D’un recueil de réflexions d’une haute exigence, disait la critique
À la lecture de ces mots, je fus attiré comme le chat à l’odeur d’un nouvel aliment. Et ce livre est d’un écrivain et penseur suisse allemand Ludwig Hohl (1904-1980). Un ouvrage attachant si vous vous sentez en forme. J’en avais glissé mot, avec extrait, le 31 juillet 2014.
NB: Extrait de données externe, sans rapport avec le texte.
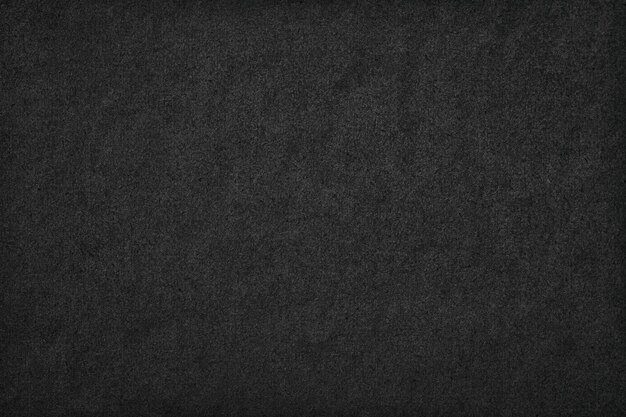 Photo black background paper texture similar to concrete wall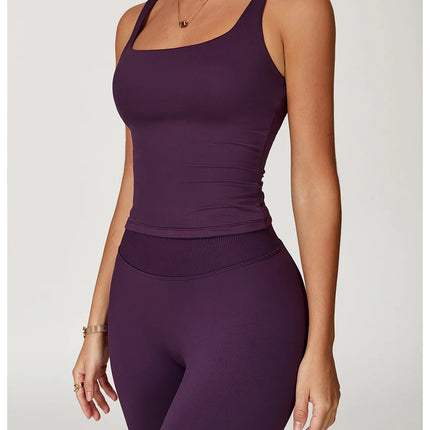 Yoga Vest Women Sexy Sports Bra Running Fitness Yoga Clothes Crop Top Workout Elastic Sport Underwear Fast Dry Women Gym Top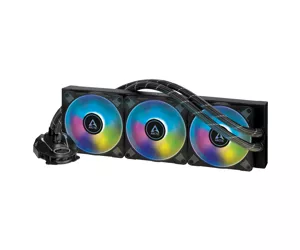 ARCTIC Liquid Freezer II 360 A-RGB Multi Compatible All-in-One CPU Water Cooler with A-RGB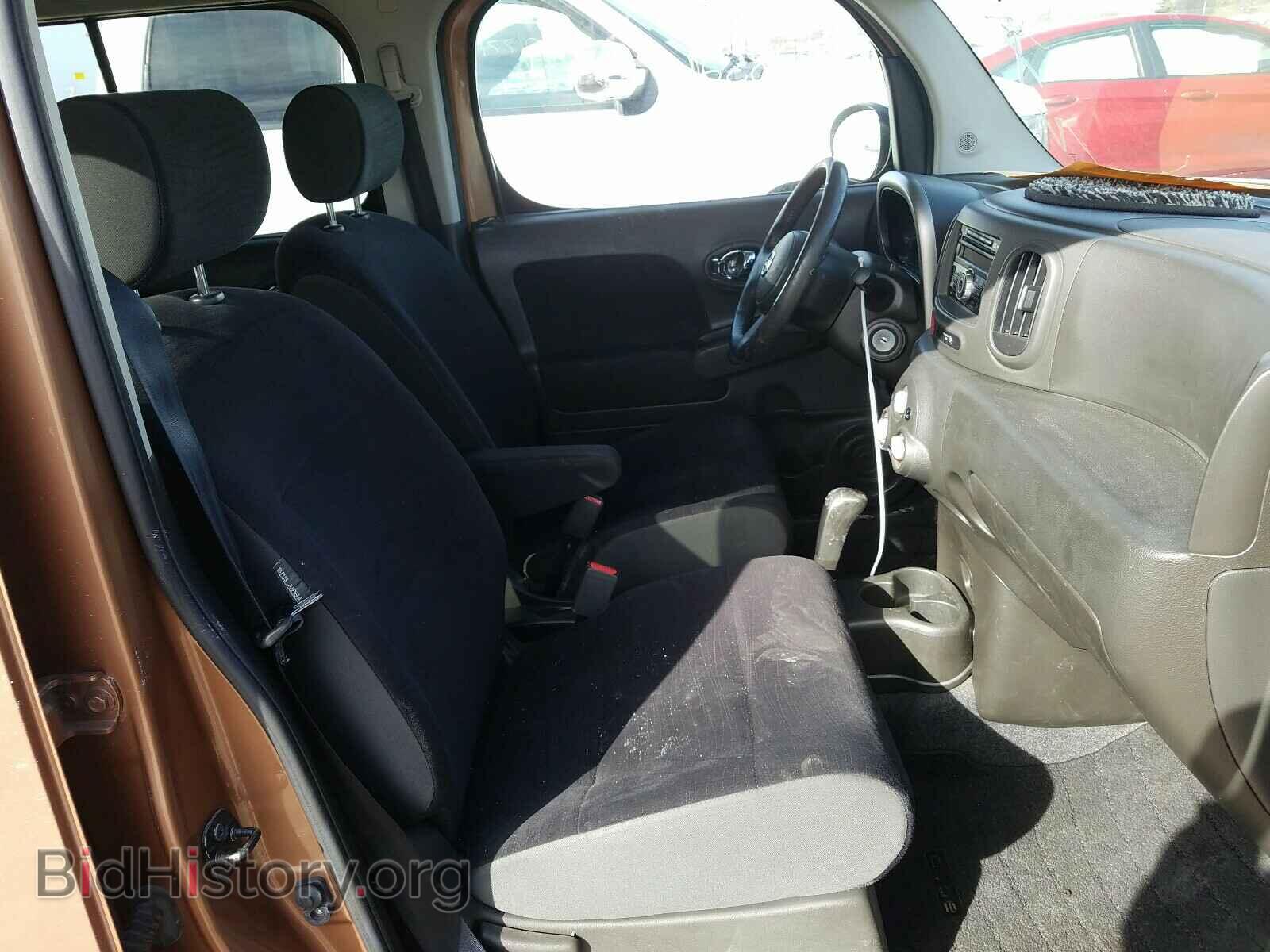2011 NISSAN CUBE - VIN: JN8AZ2KR5BT208866 - Photo 5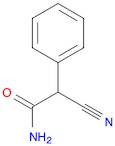 2-Cyano-2-phenylacetamide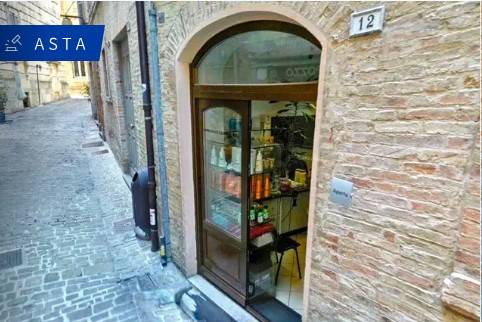 monolocale in vendita a Macerata
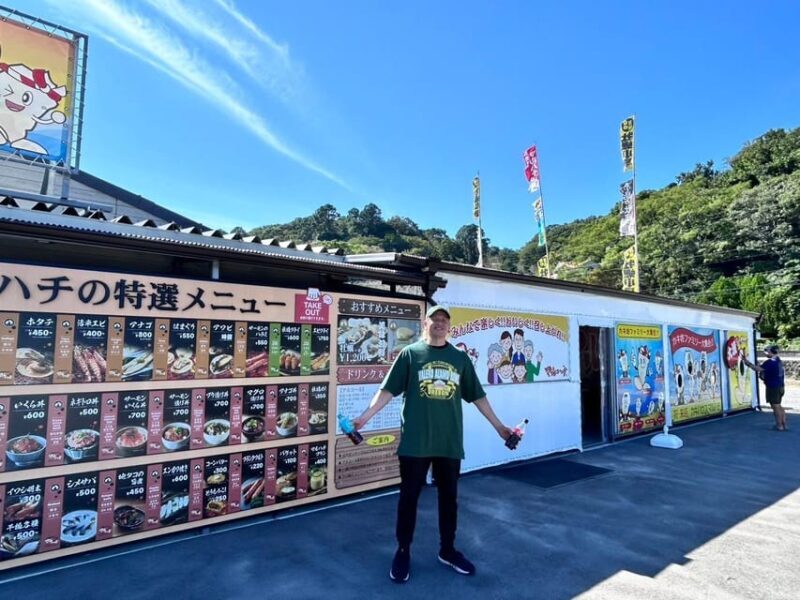 Itoshima Nature Tour with Oyster - The Value of a Guided, Customizable Experience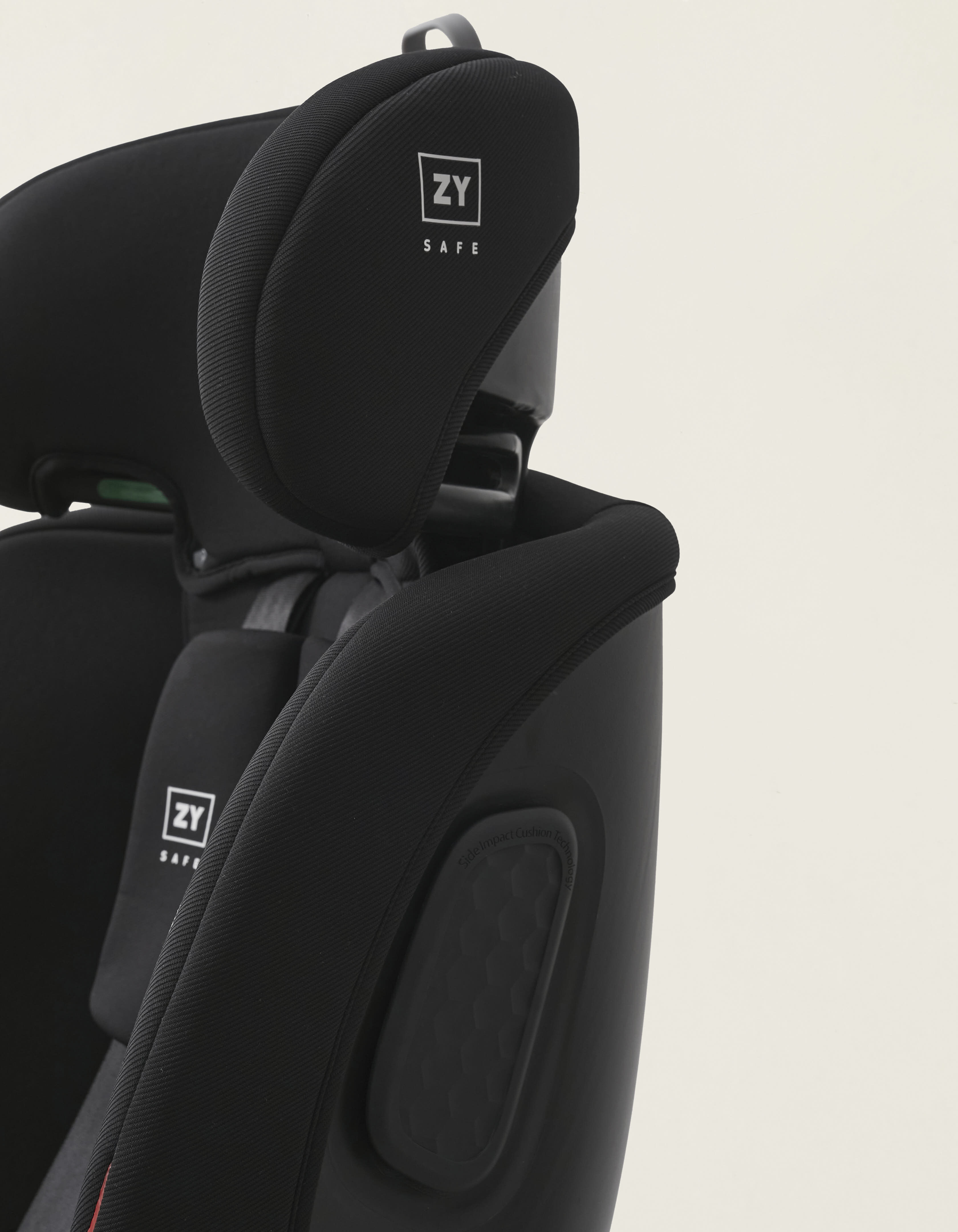 Comprar Online Cadeira Auto I-Size ZY Safe Primecare Isofix (40-150cm), Preto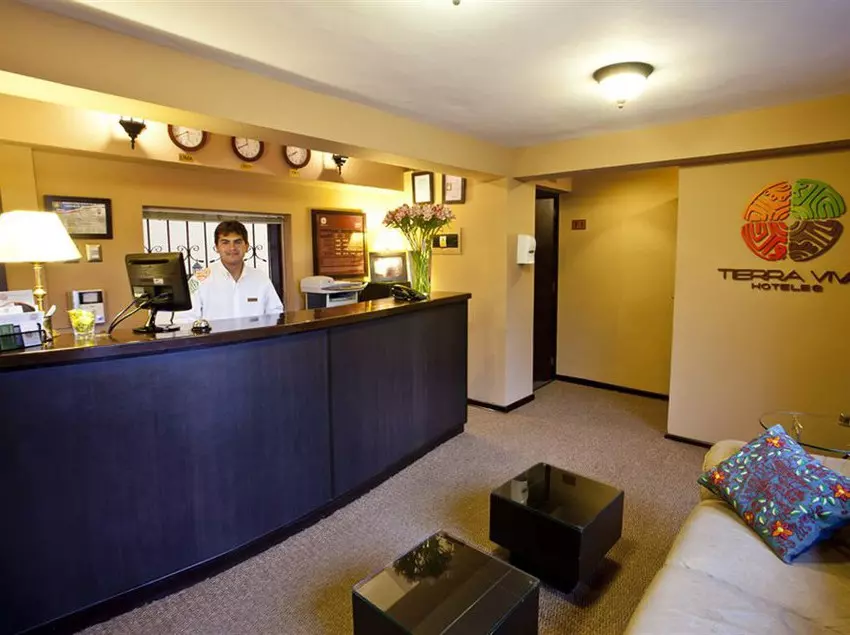 Fotos del hotel Tierra Viva Cusco Plaza:  2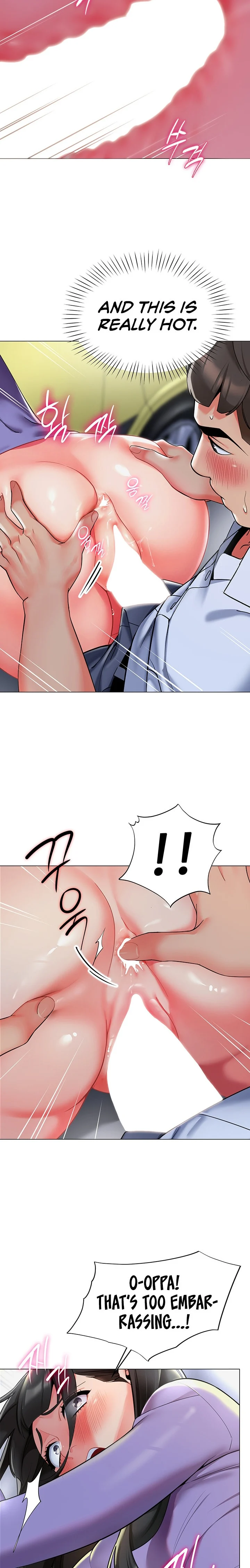 A Wise Driver’s Life chapter 5 page 8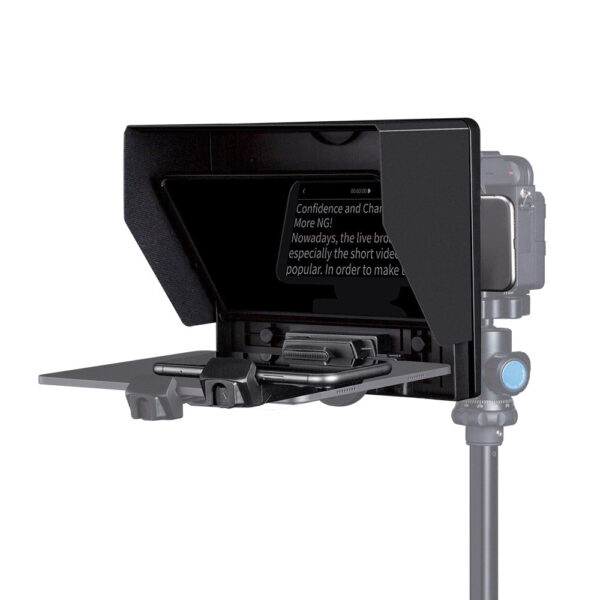 FEELWORLD TP10 10 INCH TELEPROMPTER- 1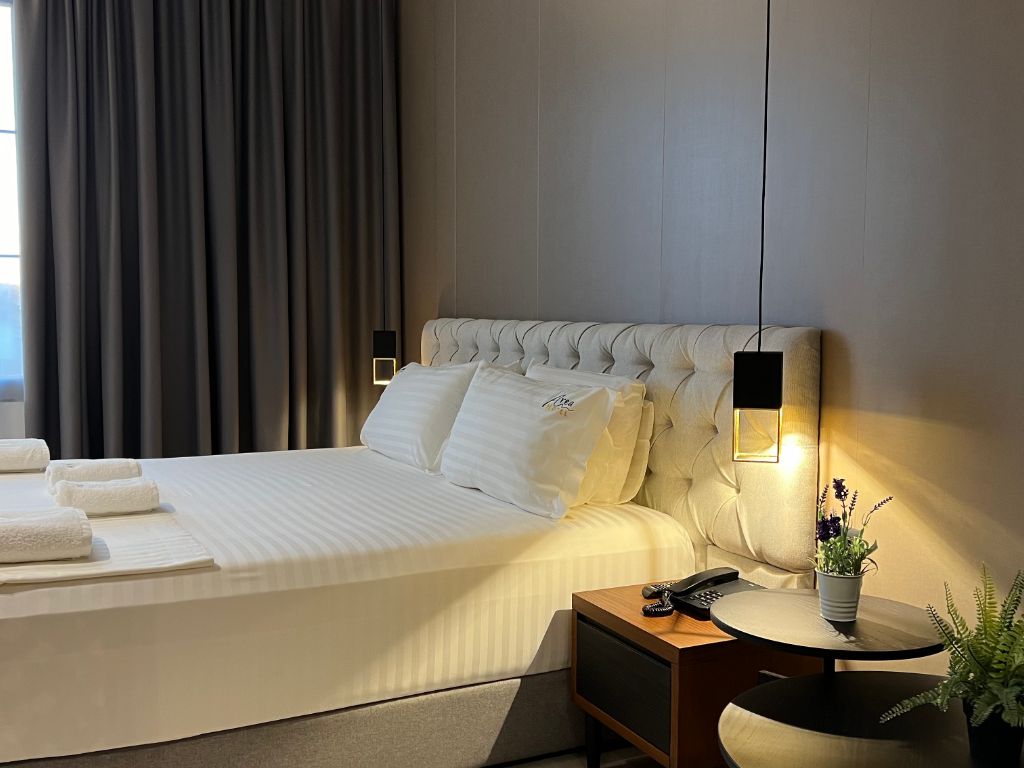 area hotel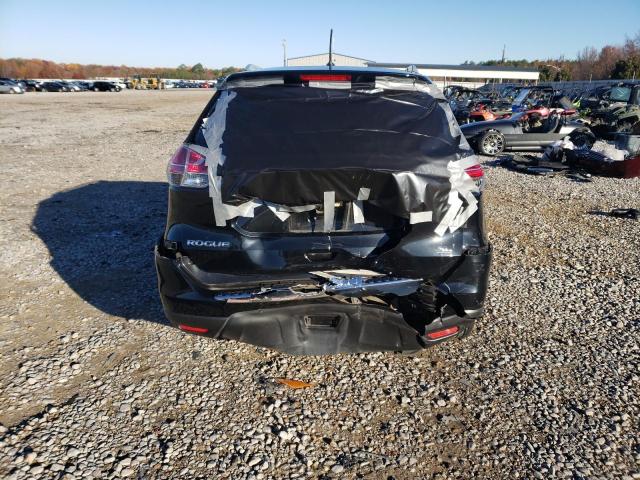 Photo 6 from auction – 2016 NISSAN ROGUE S with VIN 5N1AT2MT2GC739242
Il s’arrête cette fois-ci sur la création et la distance du regard. Réflexion sur le télescope de l’esprit, que nous possédons tous, mais qu’il n’est pas évident de pouvoir facilement mettre au foyer. Chaussez vos bottes. Au milieu du propos se trouve une phrase imposante, une sorte de phrase « totale ».
Le regard spirituel n’est rien d’autre qu’un regard ordinaire [« pratique »], mais réglé sur une autre distance. [C’est pourquoi microscope et télescope sont de véritables symboles spirituels — en dépit des propos désapprobateurs de Gœthe sur ces deux instruments.]
Il est probable que tous les hommes sont douées [sic :-)] d’une force visuelle approximativement équivalente. [« Approximativement » : dont les variations n’excèdent pas celles des mensurations anatomiques en général, longueur, poids, etc. ; contrairement aux capacités spirituelles.]
Mais chez ceux qui l’appliquent aux zones médianes, elle se noie dans l’inefficacité, sans bruit ; il s’agit de gens ordinaires, « pratiques », incolores, qui ne laisseront aucune trace. Celui qui applique en revanche sa force visuelle sur une distance inaccoutumée, c’est chez lui seulement que l’on trouvera ce que nous appelons esprit ou pouvoir créateur.
« Maintenant il se tenait en marge de tout ordre, au grand air de la peur primordiale, giflé par les courants froids des bas-fonds de la mort »
Cette phrase imposante, tiré du « Pfannenstiel » d’Albin Zolllinger (1), traduit le sentiment foncier — ou du moins une partie du sentiment foncier — de celui qui crée. […]
Cette phrase, tout aussi belle, du même livre d’Albin Zollinger, n’est pas sans rapport avec ce qui vient d’être dit : « Il plongeait son âme dans l’ombre d’une lumière qu’elle n’était pas en mesure de reconnaître. » Cela concerne ici une jeune fille. Mais ce n’est pas seulement à l’âme d’une jeune fille que pareille chose arrive — c’est aussi, dans le miroir qu’il se tend à lui-même, au monde.
(1) Poète et romancier zurichois (1895-1941), qui fut un des maîtres à écrire du jeune Max Frisch. Ses lettres à Ludwig Hohl ont été publiées en 1965 aux éditions Hans Huber, Berne. Son roman « Pfannenstiel » a paru en 1940.
Ludwig Hohl, Tous les hommes presque toujours s’imaginent, Lausanne, Éditions de l’Aire, 1981, collection Lettres universelles, p. 108s.